Material for this exercise →
================================
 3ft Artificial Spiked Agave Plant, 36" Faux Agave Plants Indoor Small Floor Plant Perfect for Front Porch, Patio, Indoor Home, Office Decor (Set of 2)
================================
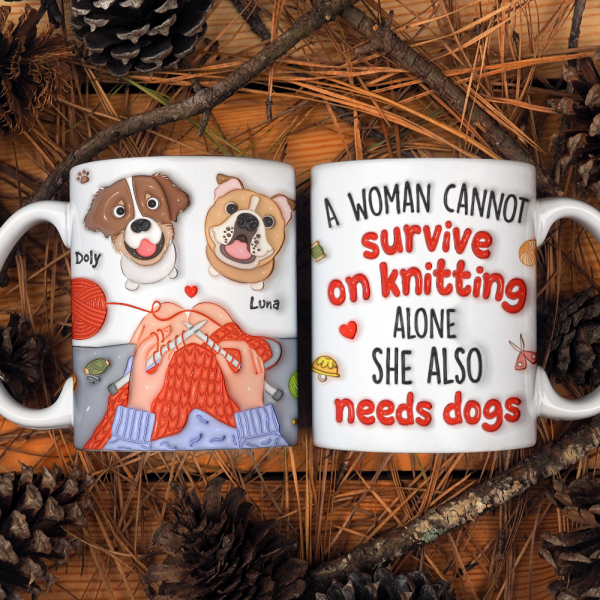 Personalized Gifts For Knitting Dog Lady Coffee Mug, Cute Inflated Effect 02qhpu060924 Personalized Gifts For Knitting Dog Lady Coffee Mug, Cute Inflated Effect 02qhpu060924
================================
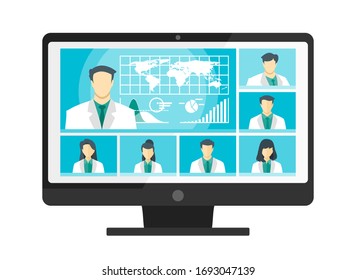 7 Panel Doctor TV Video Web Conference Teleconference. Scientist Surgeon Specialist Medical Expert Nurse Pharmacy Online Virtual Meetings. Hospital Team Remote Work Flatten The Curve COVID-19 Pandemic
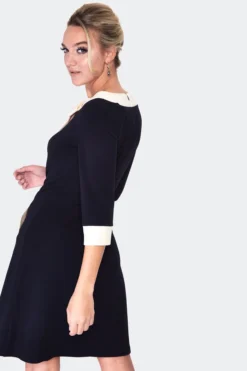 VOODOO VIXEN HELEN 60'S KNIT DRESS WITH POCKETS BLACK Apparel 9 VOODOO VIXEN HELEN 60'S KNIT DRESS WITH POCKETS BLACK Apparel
================================
Exercise instructions → Print nothing except the lines above from the one containing "7 Panel Doctor" down to the one containing "VOODOO VIXEN HELEN 60'S KNIT DRESS WITH POCKETS BLACK Apparel 9", both included, exactly as written and free of pictures.

Output for this task →
 7 Panel Doctor TV Video Web Conference Teleconference. Scientist Surgeon Specialist Medical Expert Nurse Pharmacy Online Virtual Meetings. Hospital Team Remote Work Flatten The Curve COVID-19 Pandemic
 VOODOO VIXEN HELEN 60'S KNIT DRESS WITH POCKETS BLACK Apparel 9 VOODOO VIXEN HELEN 60'S KNIT DRESS WITH POCKETS BLACK Apparel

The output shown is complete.